The line containing "So that's how" marks the end: copy exactly every line from the start of the records below up to and including it, leaving out pictures.

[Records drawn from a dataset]

-.-.-

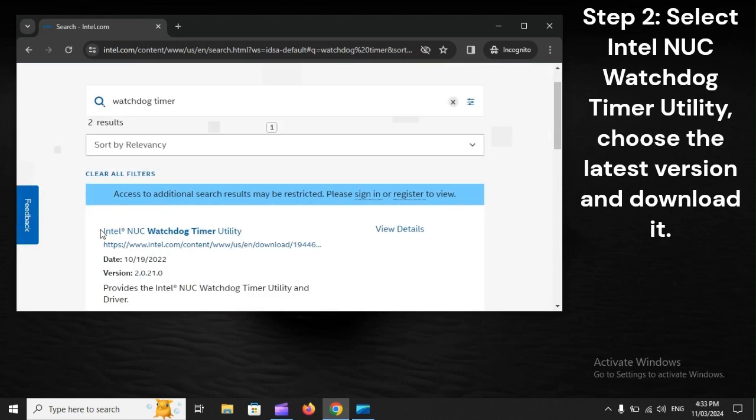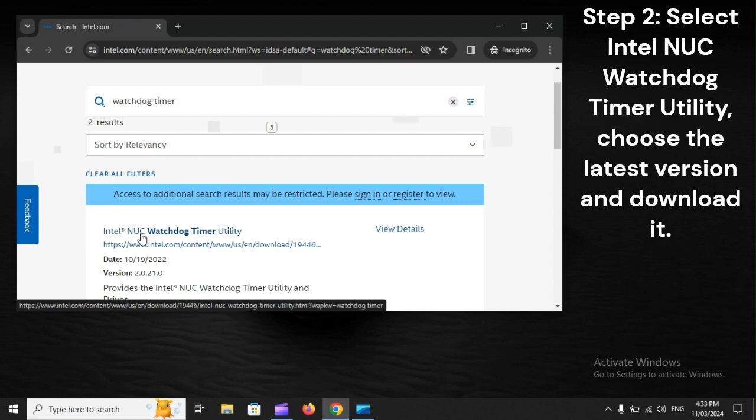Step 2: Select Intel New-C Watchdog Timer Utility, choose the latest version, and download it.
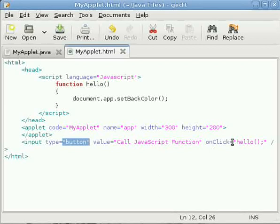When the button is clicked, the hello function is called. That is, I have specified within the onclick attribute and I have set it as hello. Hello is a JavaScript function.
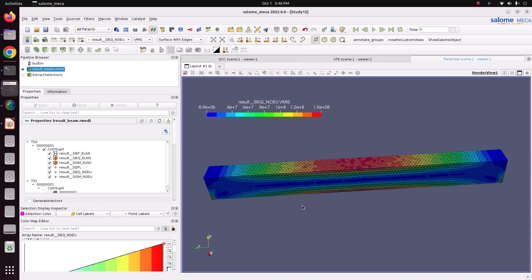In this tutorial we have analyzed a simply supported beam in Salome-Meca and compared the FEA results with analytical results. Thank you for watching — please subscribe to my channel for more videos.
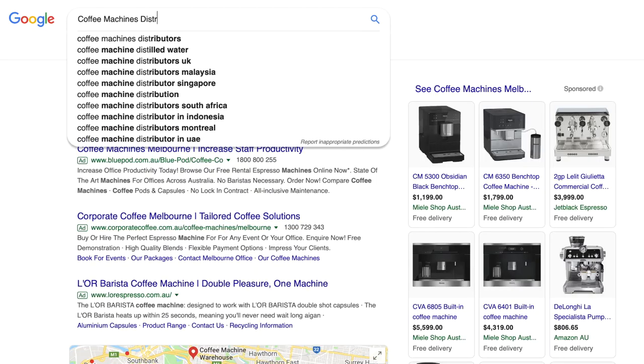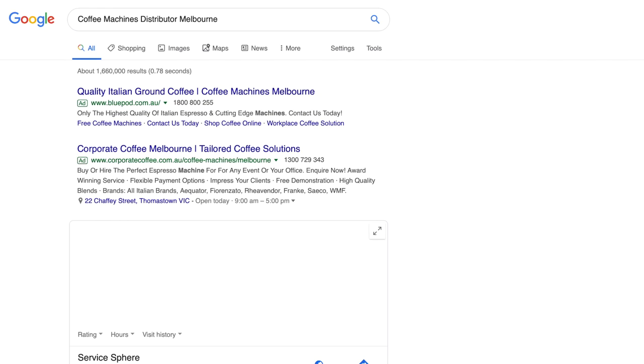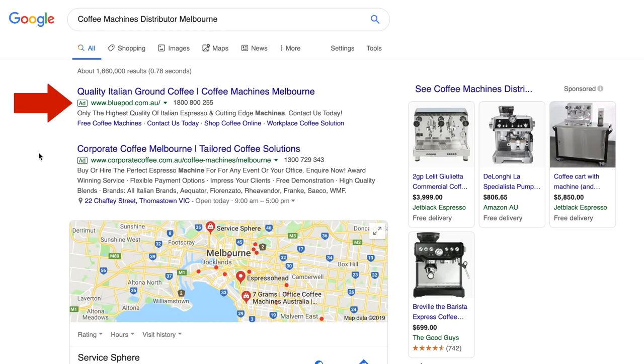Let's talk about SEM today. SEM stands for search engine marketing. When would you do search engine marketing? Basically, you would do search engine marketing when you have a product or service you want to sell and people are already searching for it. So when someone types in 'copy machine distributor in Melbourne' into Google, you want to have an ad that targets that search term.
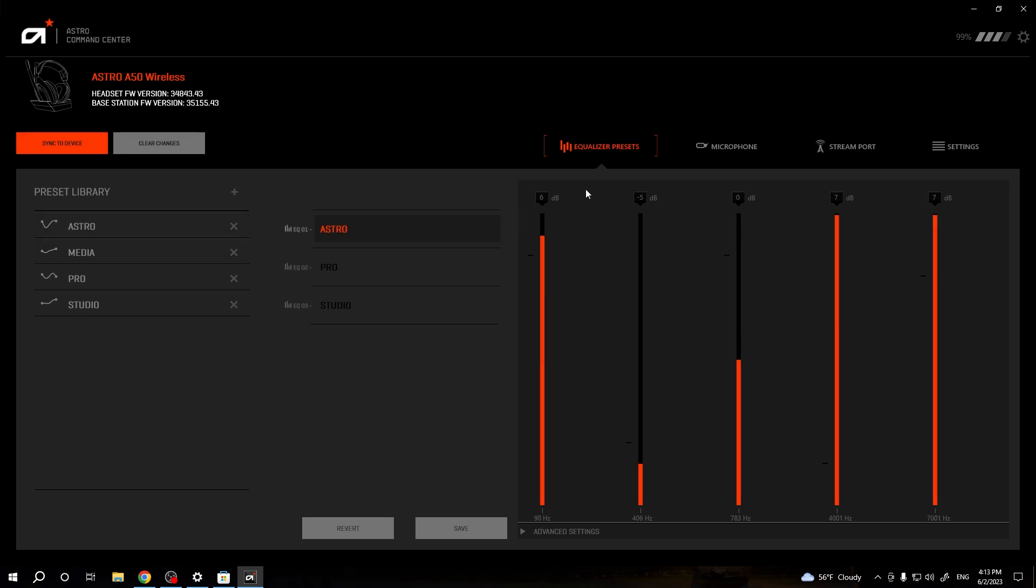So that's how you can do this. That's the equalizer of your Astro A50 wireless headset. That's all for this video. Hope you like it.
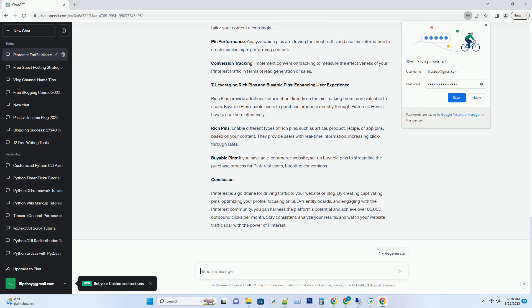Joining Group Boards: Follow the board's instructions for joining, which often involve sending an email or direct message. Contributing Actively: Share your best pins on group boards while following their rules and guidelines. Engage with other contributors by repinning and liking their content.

-.-.-

◆ Output below:
Step 2: Select Intel New-C Watchdog Timer Utility, choose the latest version, and download it.
When the button is clicked, the hello function is called. That is, I have specified within the onclick attribute and I have set it as hello. Hello is a JavaScript function.
In this tutorial we have analyzed a simply supported beam in Salome-Meca and compared the FEA results with analytical results. Thank you for watching — please subscribe to my channel for more videos.
Let's talk about SEM today. SEM stands for search engine marketing. When would you do search engine marketing? Basically, you would do search engine marketing when you have a product or service you want to sell and people are already searching for it. So when someone types in 'copy machine distributor in Melbourne' into Google, you want to have an ad that targets that search term.
So that's how you can do this. That's the equalizer of your Astro A50 wireless headset. That's all for this video. Hope you like it.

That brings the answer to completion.